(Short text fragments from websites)
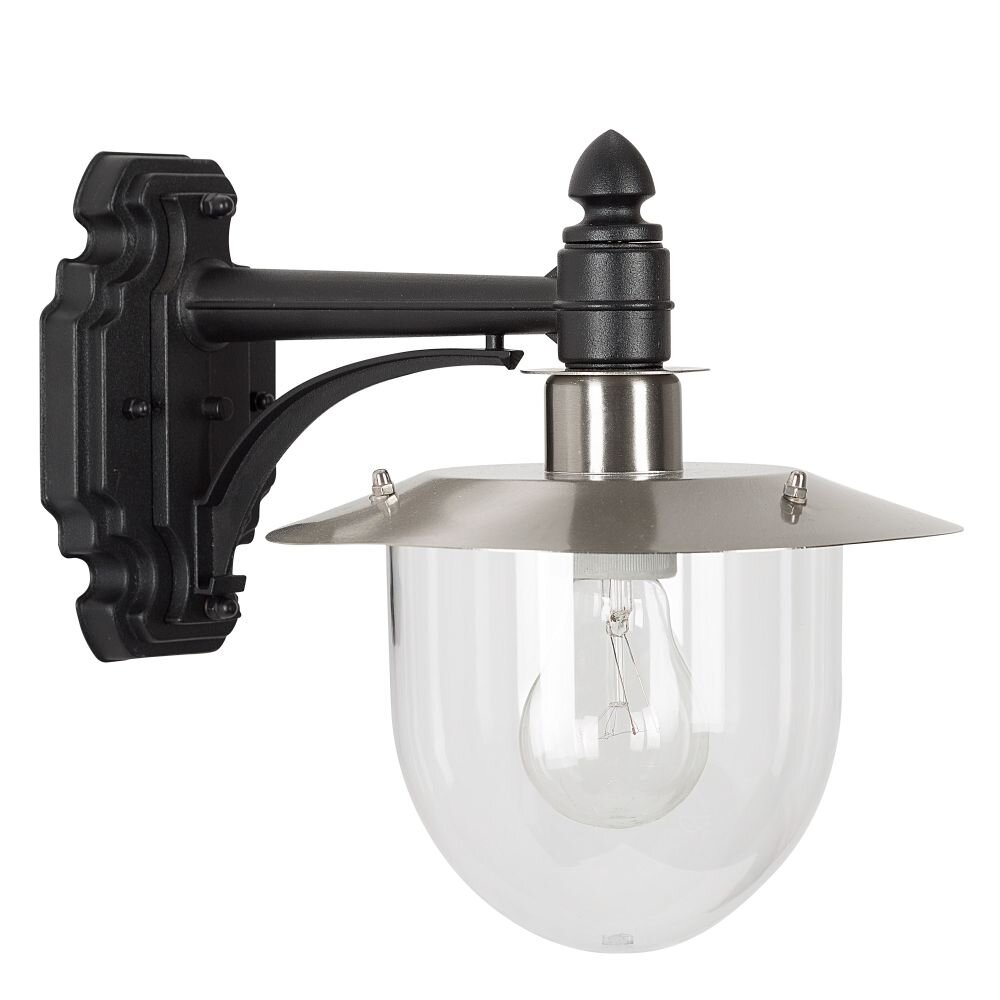 KS Verlichting Davos Wandleuchte Schwarz, 1-flammig main product photo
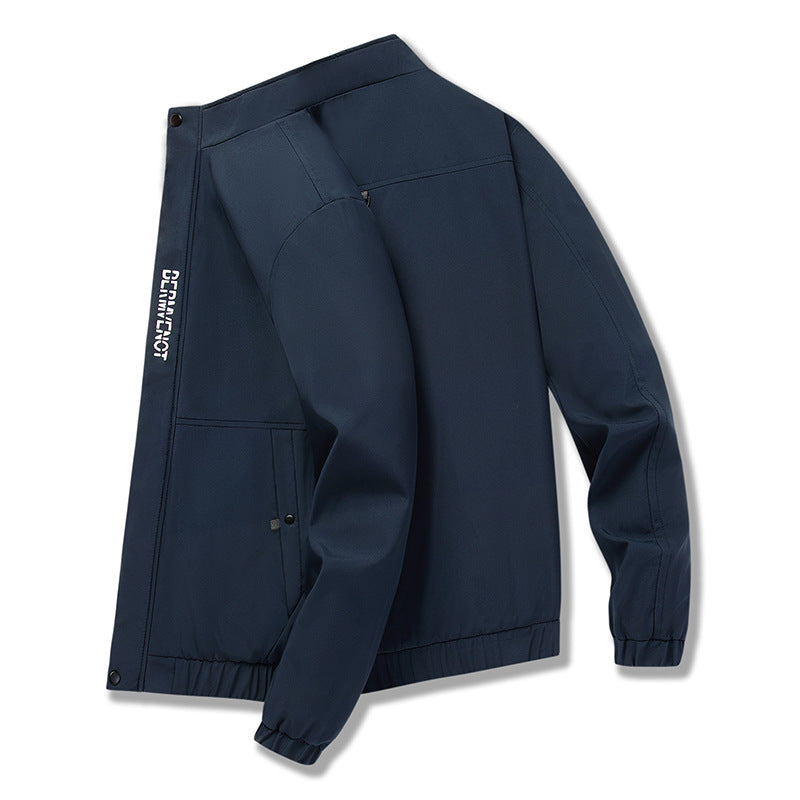 Herren modische Übergangsjacke mit verstellbaren Ärmeln und praktischen Taschen Echoarchiv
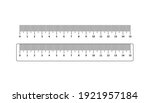 Ruler scale measure vector. isolated on white background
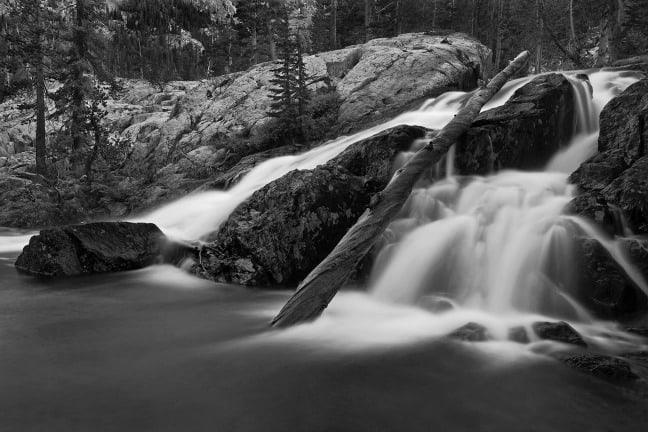 Ansel Adams Wilderness, California. Dusk, Shadow Creek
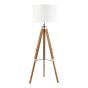 Easel Floor Lamp Light Wood With Shade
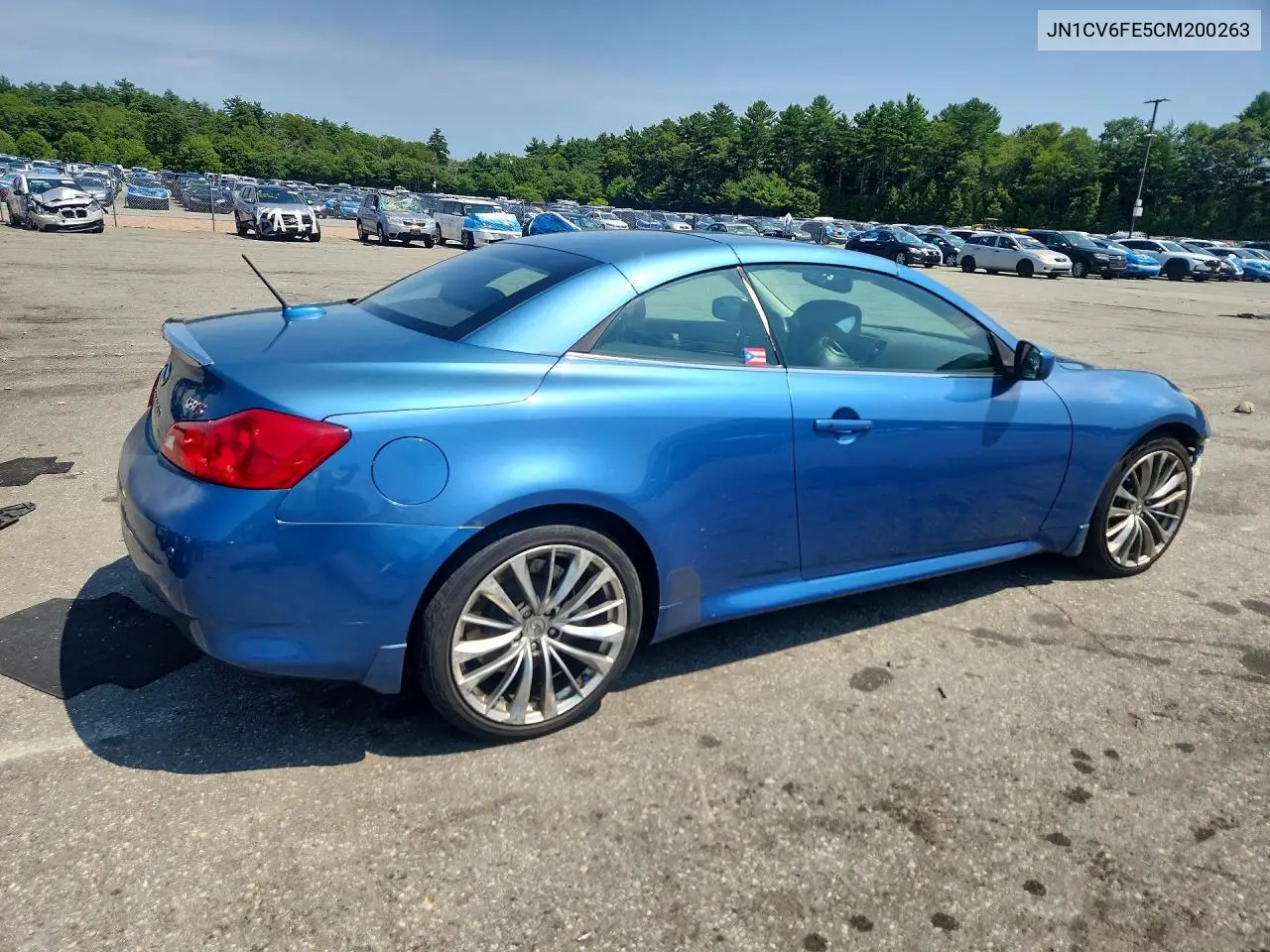 2012 Infiniti G37 Convertible Base VIN: JN1CV6FE5CM200263 Lot: 60749486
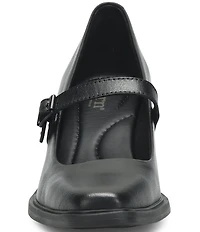 Born Adelphi Leather Snip Toe Mary Jane Pumps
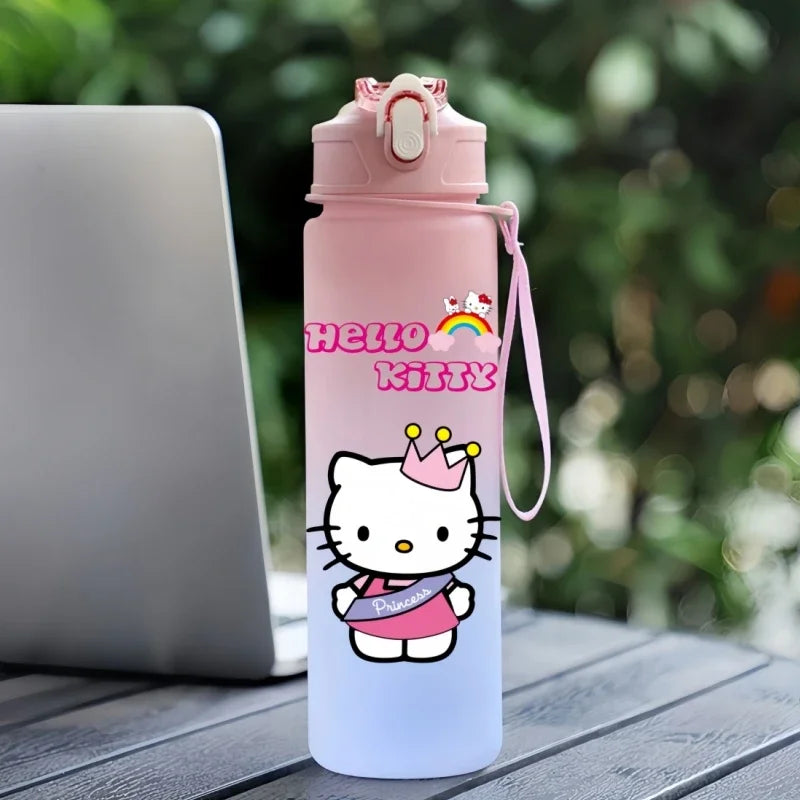 Hello Kitty Hydration Cup – 750ml Cute Sanrio Sports Water Bottle for Kids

What is being asked.
Only an exact copy of the lines from the one with "2012 Infiniti G37" through the last line of the data above is wanted, and no pictures.

Finished exercise.
 2012 Infiniti G37 Convertible Base VIN: JN1CV6FE5CM200263 Lot: 60749486
 Born Adelphi Leather Snip Toe Mary Jane Pumps
 Hello Kitty Hydration Cup – 750ml Cute Sanrio Sports Water Bottle for Kids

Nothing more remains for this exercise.